Siamo forse noi, ad essere fuori moda: il dubbio mi viene e non c'è alcuna ironia, in queste parole; perché chi ha aggirato la boa dei quaranta forse comincia ad aver visto troppa Roma, ad avere troppi ricordi e termini di paragone per capire il nuovo, l'inedito, una filosofia che azzera il passato, un esperimento che ci dovrebbe inorgoglire, un modo di pensare che non ci assoggetta alla dittatura dei risultati e che ci insegna a ragionare in prospettiva.
Quale prospettiva? Io sono miope, chiedo assistenza a chi è in grado di vedere più lontano.
Vedo nitidamente solo che è molto vicino, anche cronologicamente: il presente e il recentissimo passato. Vedo, quindi, una squadra che gira sotto ritmo già dopo il primo quarto d'ora, che patisce più dell'avversaria il primo, deciso sole di primavera, che custodisce la palla per larghi tratti di partita quasi sempre senza capitalizzarne il possesso, che non riesce a venire a capo di una Fiorentina che nel secondo tempo commette errori imbarazzanti e smarrisce anche quel minimo di fisionomia che ci possa far rendere conto di trovarci davanti ad una formazione allenata dallo scorretto Delio Rossi. Mezzucci da paese, i suoi, quando si improvvisa raccattapalle distratto.

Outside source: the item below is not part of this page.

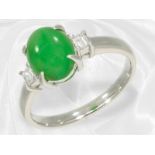 Ring: neuwertiger Platinring mit hochwertiger Imperial Jade und Diamanten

E mi sembra di vedere, nella mia miopia alla quale vi chiedo di prestare soccorso, un giocatore, Il Giocatore, che appare solo anche e soprattutto quando si trova in mezzo agli altri; lui che da solo rappresenta la maggior parte della mia storia di tifoso e di giornalista.

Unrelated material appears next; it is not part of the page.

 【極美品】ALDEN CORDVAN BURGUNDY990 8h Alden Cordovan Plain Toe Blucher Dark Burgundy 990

Il suo sinistro sbuca nel deserto, come la coda di quegli scorpioni che emergono da sotto le dune. E' un pareggio che regala poco, solo il mezzo sorriso che viene dalla sua firma.
Ci hanno insegnato che quando non si comprende un momento storico, la colpa è di chi non riesce a capire, non del momento stesso. Mi preoccuperei se fossi il solo, però; invece vedo tanti romanisti che non si raccapezzano in mezzo a quello che succede da troppo mesi: ancora pochi lumi sul futuro, sulle possibilità di essere adeguati al nome della città, poche certezze dal campo in nome di una progettualità al momento senza scadenza e senza traguardo, pochi giocatori da promuovere e da voler rivedere una volta che avremo attraversato questo tunnel del quale ancora non conosciamo neppure la lunghezza.

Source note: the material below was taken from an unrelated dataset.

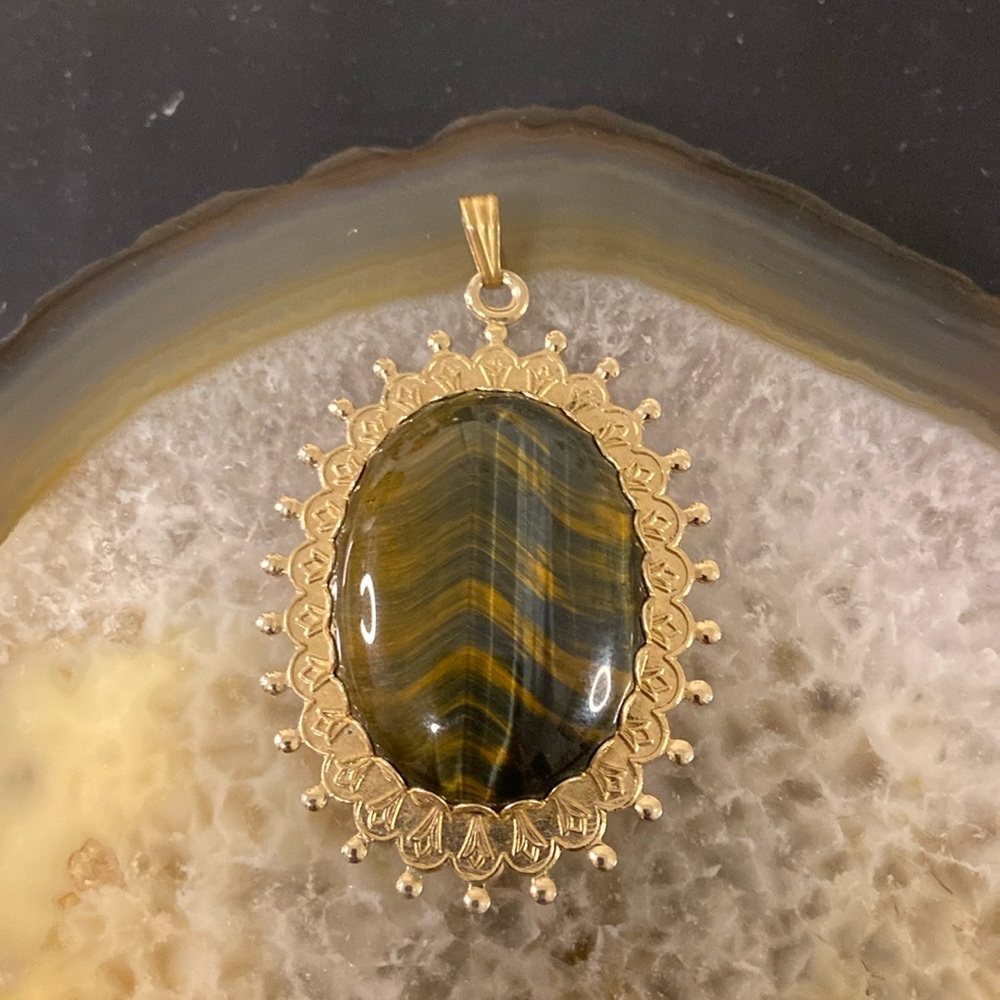 Statement Tigers eye golden pendant Guc 2.5" x 1.5"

Cross su cross hanno continuato a spiovere nell'area dei viola grondanti sudore e paura sotto la Sud; lo stratega negli ultimi dieci minuti tenta una mossa, Tallo per Heinze, che sa di disperazione e di Carlos Bianchi, uno che si sarebbe sognato tutta l'indulgenza odierna; il Capitano nel frattempo continua ad essere lucidità, forza e disperazione e Boruc sente più caldo degli altri.
Finisce con tanti ragazzini in campo, da una parte e dall'altra, una cosa che ha indispettito molto la tifoseria viola, quest'anno e molto meno quella giallorossa. Questione di prospettive. O, forse, soltanto di miopia. Quella di quelli come me, che tutto ciò che avevano da dire su questo pomeriggio l'avevano già detto prima che il migliore dei nostri, Gianluca Curci, capitolasse anche lui nei minuti di recupero.